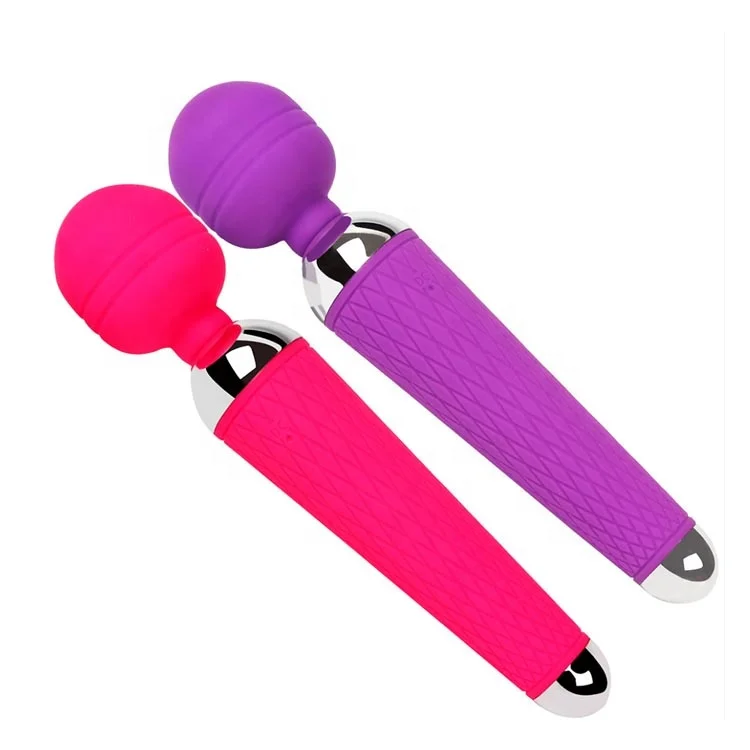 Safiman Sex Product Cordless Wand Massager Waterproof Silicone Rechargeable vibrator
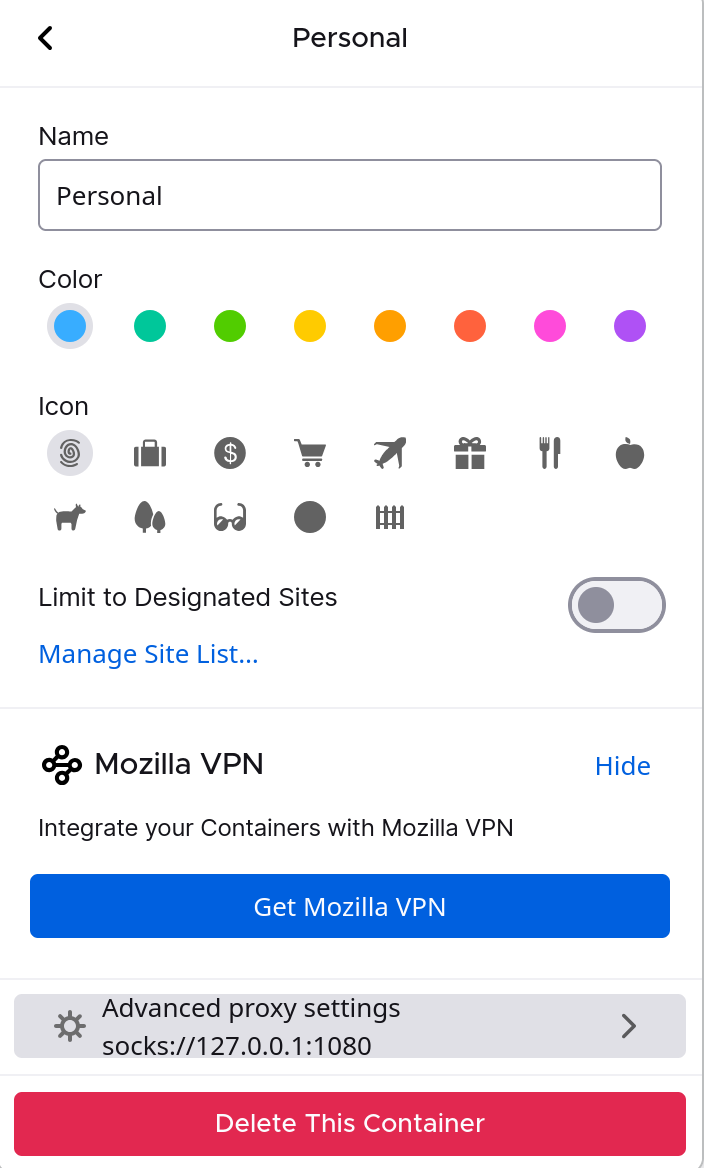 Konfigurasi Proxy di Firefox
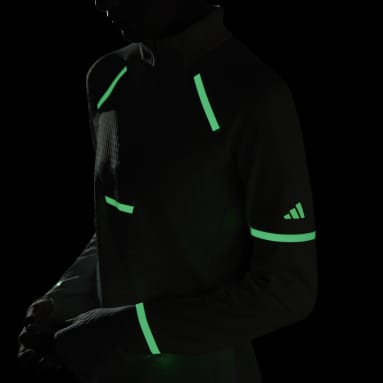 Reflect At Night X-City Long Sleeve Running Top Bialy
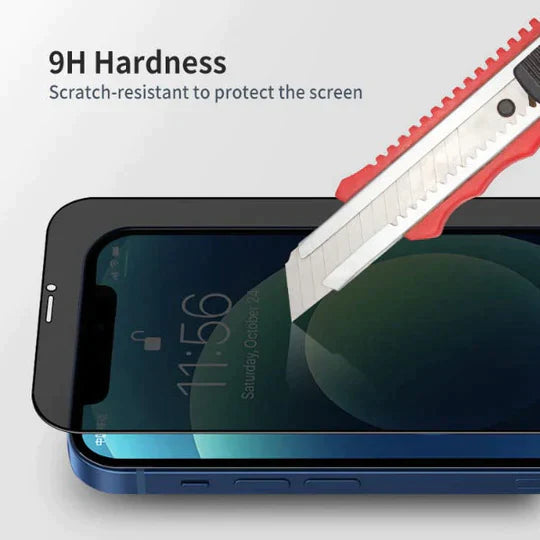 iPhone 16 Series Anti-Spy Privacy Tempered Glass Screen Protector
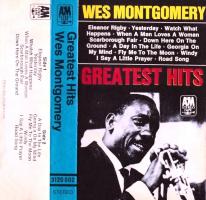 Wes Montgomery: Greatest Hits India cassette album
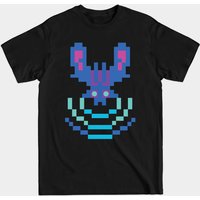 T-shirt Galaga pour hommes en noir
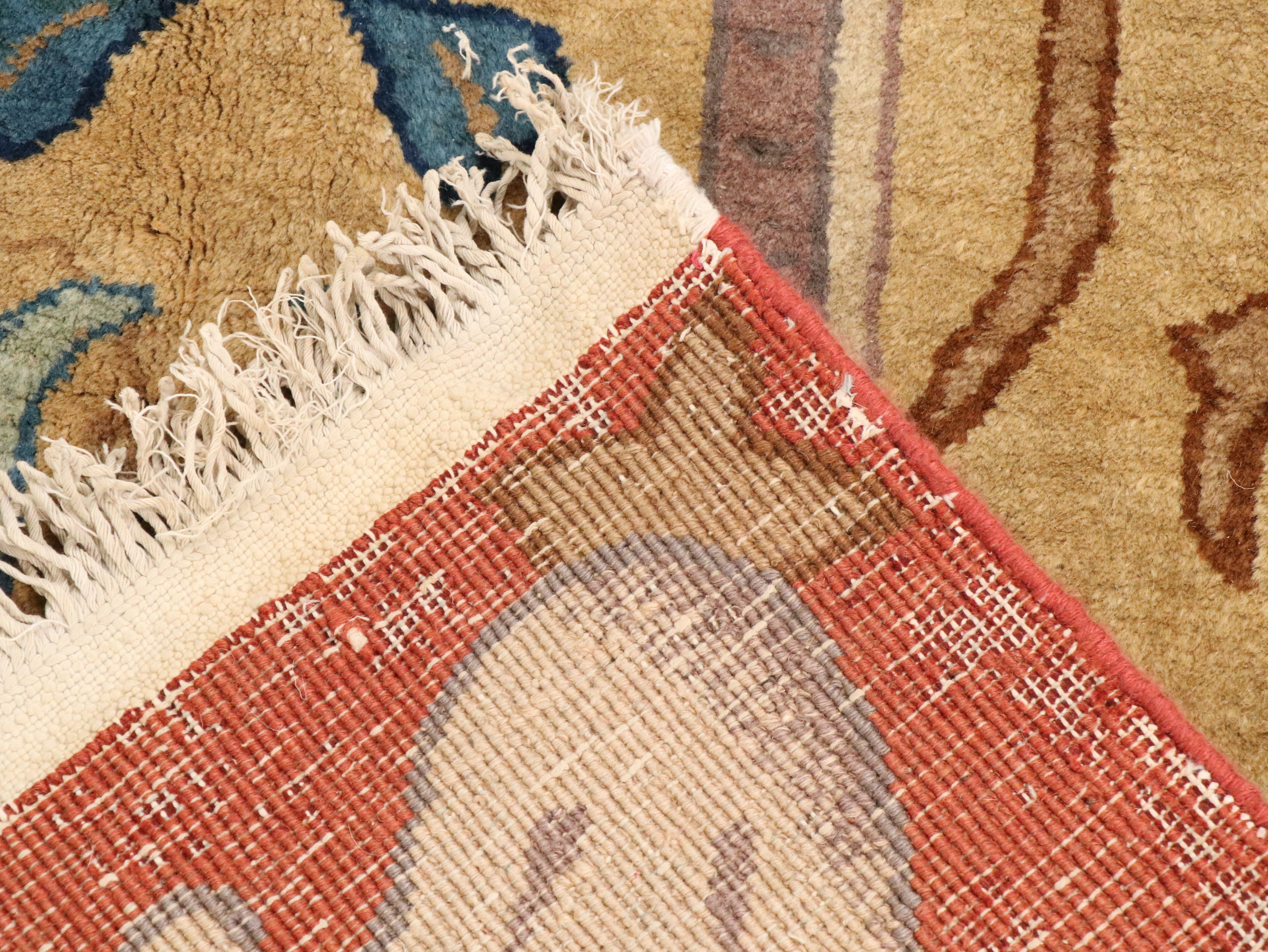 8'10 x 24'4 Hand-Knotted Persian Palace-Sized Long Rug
════════════════════
**Task statement**
Copy, without the pictures, exactly the lines from the line with "Wes Montgomery: Greatest" through the end of the material above, both ends included.

**Task solution**
 Wes Montgomery: Greatest Hits India cassette album
 T-shirt Galaga pour hommes en noir
 8'10 x 24'4 Hand-Knotted Persian Palace-Sized Long Rug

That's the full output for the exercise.